The second part is expressed as follows: "[…] when an enactment contains […] terminology that has a different meaning in the civil law and the common law, the civil law terminology or meaning is to be adopted in the Province of Quebec and the common law terminology or meaning is to be adopted in the other provinces."[24] Unless otherwise provided by law, where Parliament uses terms that have a different meaning in civil law and in common law, the terms must be given a meaning compatible with the legal system of the province in which the enactment is applied.

The terms "person" and "trust", which are used in the E.T.A., are private law concepts. In the first case, Parliament intervened and gave a meaning to the term that was distinct from the meaning given it by provincial private law. Section 8.2 of the Interpretation Act is of no assistance in interpreting this concept. As for the meaning of the term "trust" ["fiducie"], the rule in section 8.2 of the Interpretation Act requires recourse to the civil law to interpret the word if the enactment is applied to Quebec, just as the common law rules will apply as the suppletive law for the interpretation of the term elsewhere in Canada.

The author does not believe, however, that it is necessary to resort to section 8.2 of the Interpretation Act in order to decide the basic issue of whether a trust is a "particular individual". Since the terms "particular individual" and "particulier" are not private law concepts, they must be understood in their generic meaning of a natural person. The private law of the provinces accordingly does not play a role in completing the federal law in such a case, and section 8.2 of the Interpretation Act would not be applicable.

It is true that the E.T.A. applies to the country as a whole. However, by this it should not be understood that the Act must, in every case, be applied in the same way across the country. Such a reading of the Act would not take the will of Parliament into consideration, as expressed in section 8.1 of the Interpretation Act[25], to accept that federal law provisions relating to private law, when incomplete, explicitly or implicitly refer to the private law of the provinces.

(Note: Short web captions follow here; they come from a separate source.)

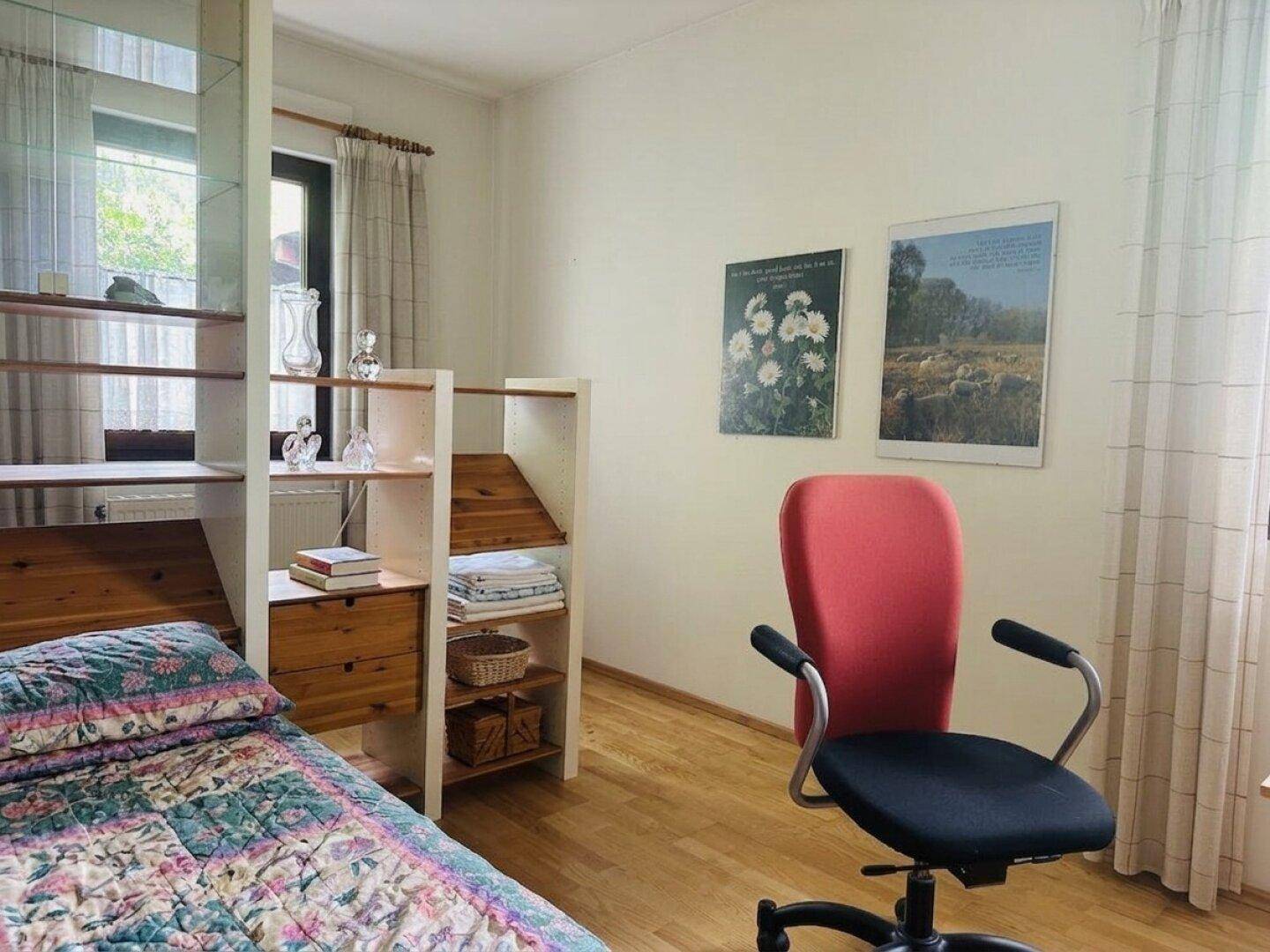 Helles Zimmer mit Einzelbett, Schreibtischbereich und Holzregalen, ideal als Gäste- oder Arbeitszimmer.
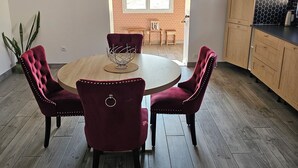 A dining area with a round table and four chairs, a kitchen with wooden cabinets, and a view through a window to an outdoor area. - Under the stars in the countryside (Paray-le-Frésil)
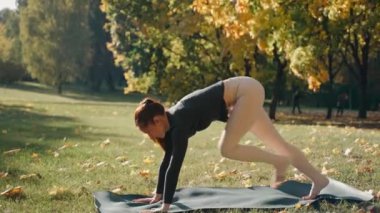 Chaturanga, kobra ve yoga minderiyle parkta kıvrılan genç bir kadın.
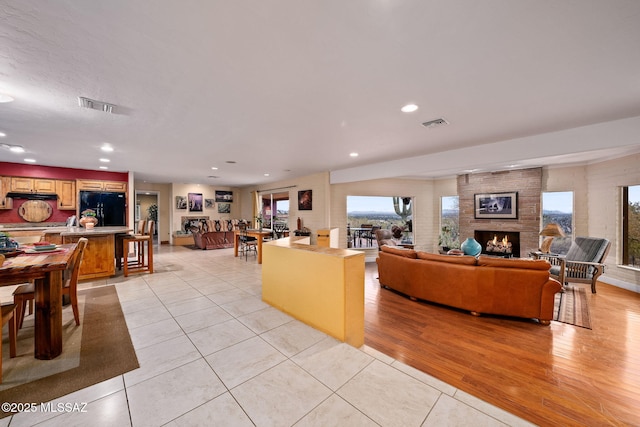 tiled living room featuring a fireplace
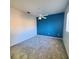 Bedroom with a ceiling fan and teal accent wall at 13634 7Th Avenue Ne Cir, Bradenton, FL 34212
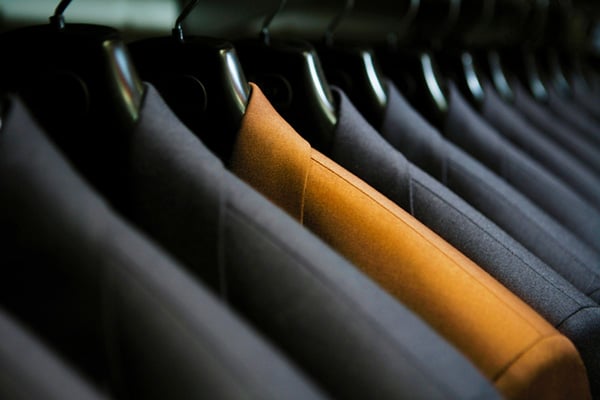 Row of suits--one standing out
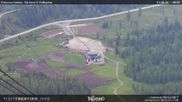 Archived webcam image showing Fassatal - San Pelegrino - panorama view of the ski-piste and liftmachinery of the 
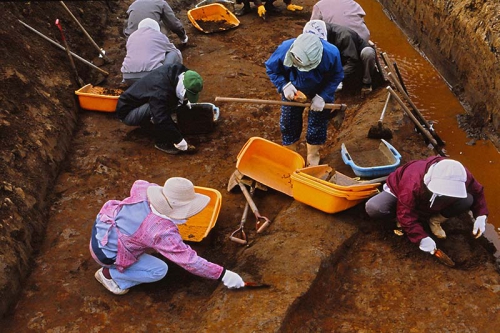 発掘作業員がスコップなどの道具を使って遺構の中に埋まった土を掘っている様子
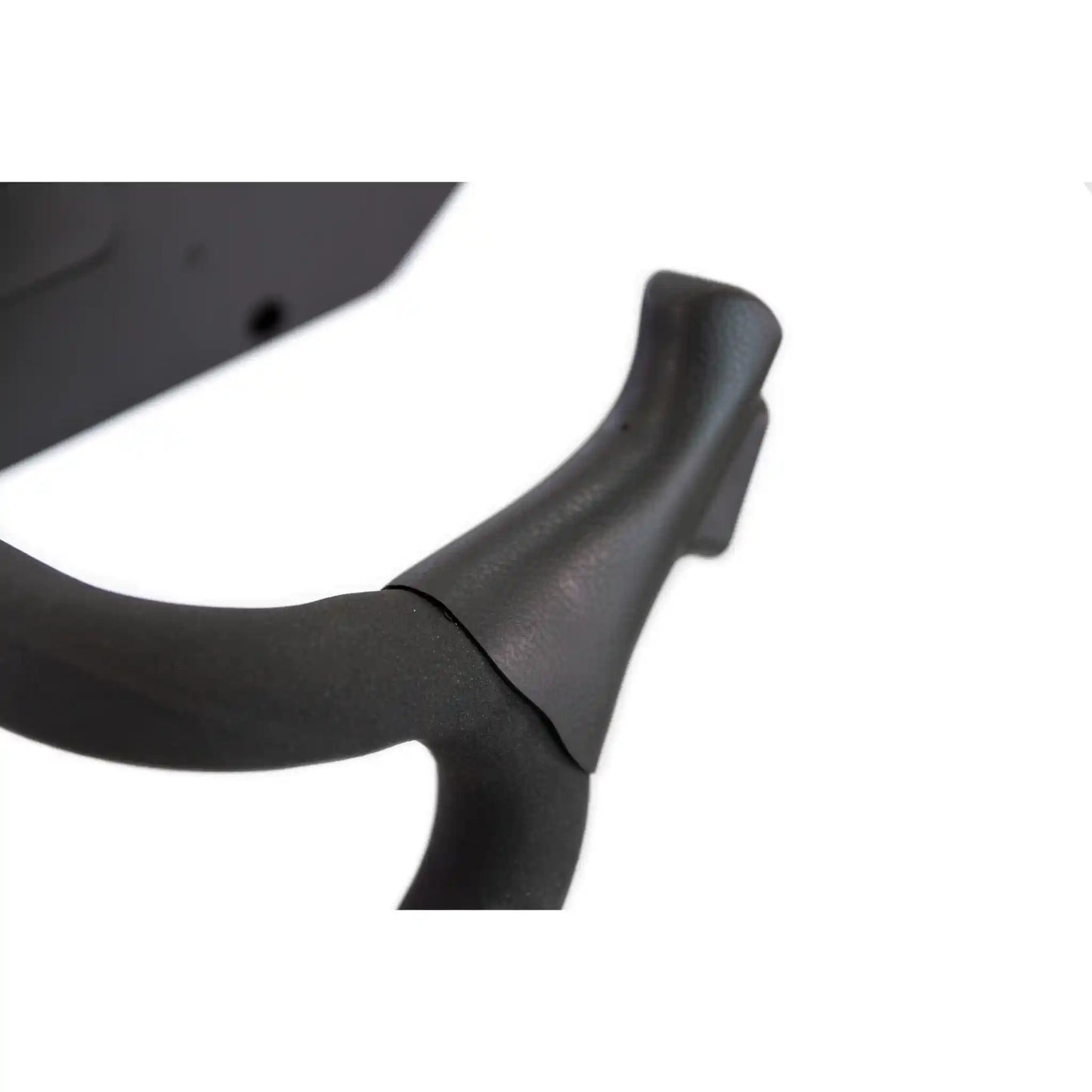 Close-up of a black handle bar on a white background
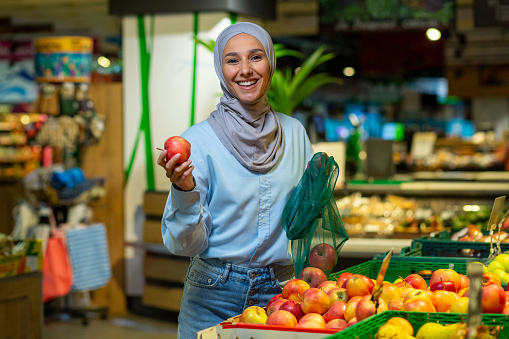 Portrait of a female buyer in a supermarket, a Muslim woman in a hijab is smiling happy and looking at the camera, choosing apples and fruits in a large grocery store.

Now that section 8.1 of the Interpretation Act has been enacted, is it appropriate to resort to the principle that a federal statute should be applied uniformly in cases where Parliament has decided to incorporate private law concepts without defining them? By enacting section 8.1 of the Interpretation Act, Parliament has enshrined the principle that the application of a federal enactment can give rise to differing treatments because of the specific features of the private law in the various Canadian provinces. Parliament left room, however, for judicial interpretation by providing that the rule of complementarity applies "unless otherwise provided by law". In some cases, the courts may decide that it is not appropriate to complete the federal legislation with the private law of the provinces. This will be the conclusion where the term is defined, where the term is not a legal term or is not a private law term, where a term is used in its ordinary meaning or where the provision is part of a specific area of federal law (such as Aboriginal land ownership).